Data entries
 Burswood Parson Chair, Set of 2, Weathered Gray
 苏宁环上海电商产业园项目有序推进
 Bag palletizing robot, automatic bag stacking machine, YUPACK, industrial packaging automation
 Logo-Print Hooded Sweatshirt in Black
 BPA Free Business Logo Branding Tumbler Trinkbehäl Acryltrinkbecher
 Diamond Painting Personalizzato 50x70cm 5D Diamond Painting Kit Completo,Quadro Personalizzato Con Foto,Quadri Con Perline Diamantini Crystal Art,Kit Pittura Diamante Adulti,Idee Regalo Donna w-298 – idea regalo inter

---

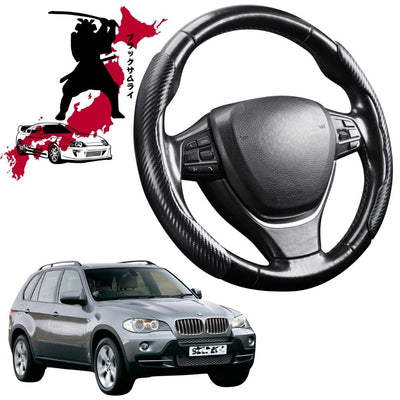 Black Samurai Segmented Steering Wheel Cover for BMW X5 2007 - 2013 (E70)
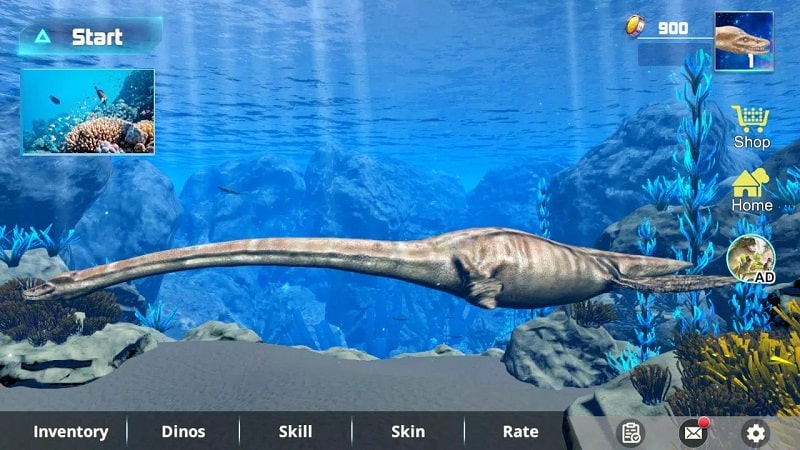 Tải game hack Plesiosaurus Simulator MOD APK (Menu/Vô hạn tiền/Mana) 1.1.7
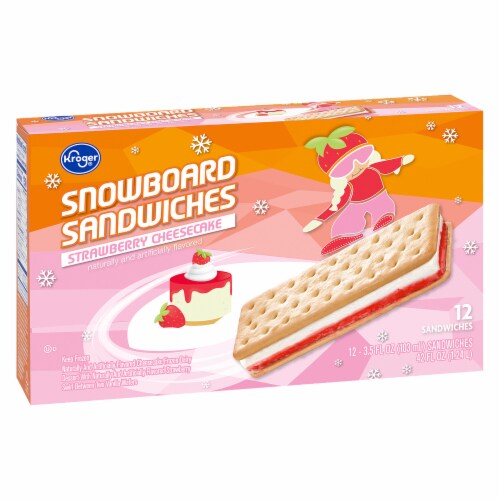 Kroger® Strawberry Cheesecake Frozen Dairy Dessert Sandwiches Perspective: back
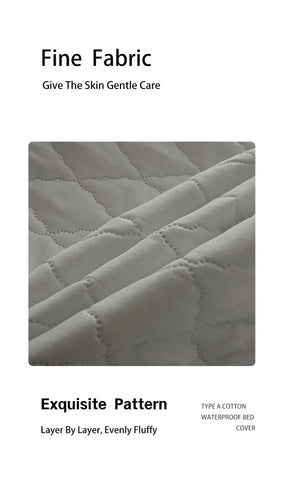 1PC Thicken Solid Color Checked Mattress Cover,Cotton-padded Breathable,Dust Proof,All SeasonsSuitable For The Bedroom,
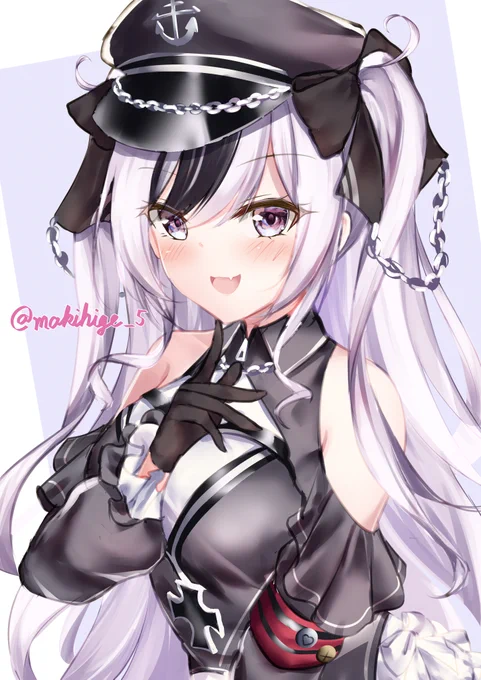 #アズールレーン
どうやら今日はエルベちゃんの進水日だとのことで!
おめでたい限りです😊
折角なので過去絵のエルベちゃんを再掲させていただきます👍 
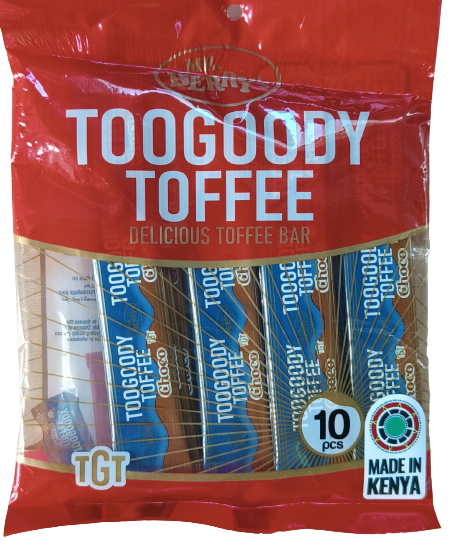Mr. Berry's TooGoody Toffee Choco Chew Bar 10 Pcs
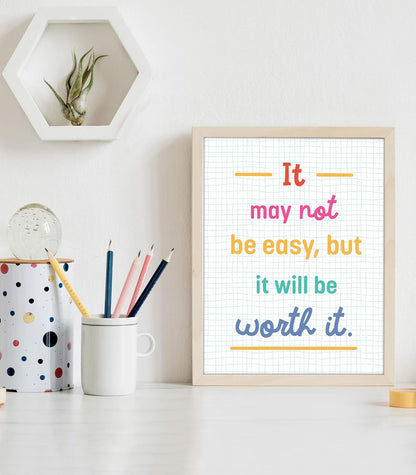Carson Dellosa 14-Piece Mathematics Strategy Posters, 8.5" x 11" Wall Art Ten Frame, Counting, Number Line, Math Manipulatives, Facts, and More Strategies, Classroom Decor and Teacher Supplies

WHAT YOU ARE ASKED TO DO -> Above are the records; return the lines in them from the one with "折角なので過去絵のエルベちゃんを再掲させていただきます👍" to the one with "Carson Dellosa 14-Piece", inclusive, exactly and without images.

WRITTEN SOLUTION ->
折角なので過去絵のエルベちゃんを再掲させていただきます👍 
Mr. Berry's TooGoody Toffee Choco Chew Bar 10 Pcs
Carson Dellosa 14-Piece Mathematics Strategy Posters, 8.5" x 11" Wall Art Ten Frame, Counting, Number Line, Math Manipulatives, Facts, and More Strategies, Classroom Decor and Teacher Supplies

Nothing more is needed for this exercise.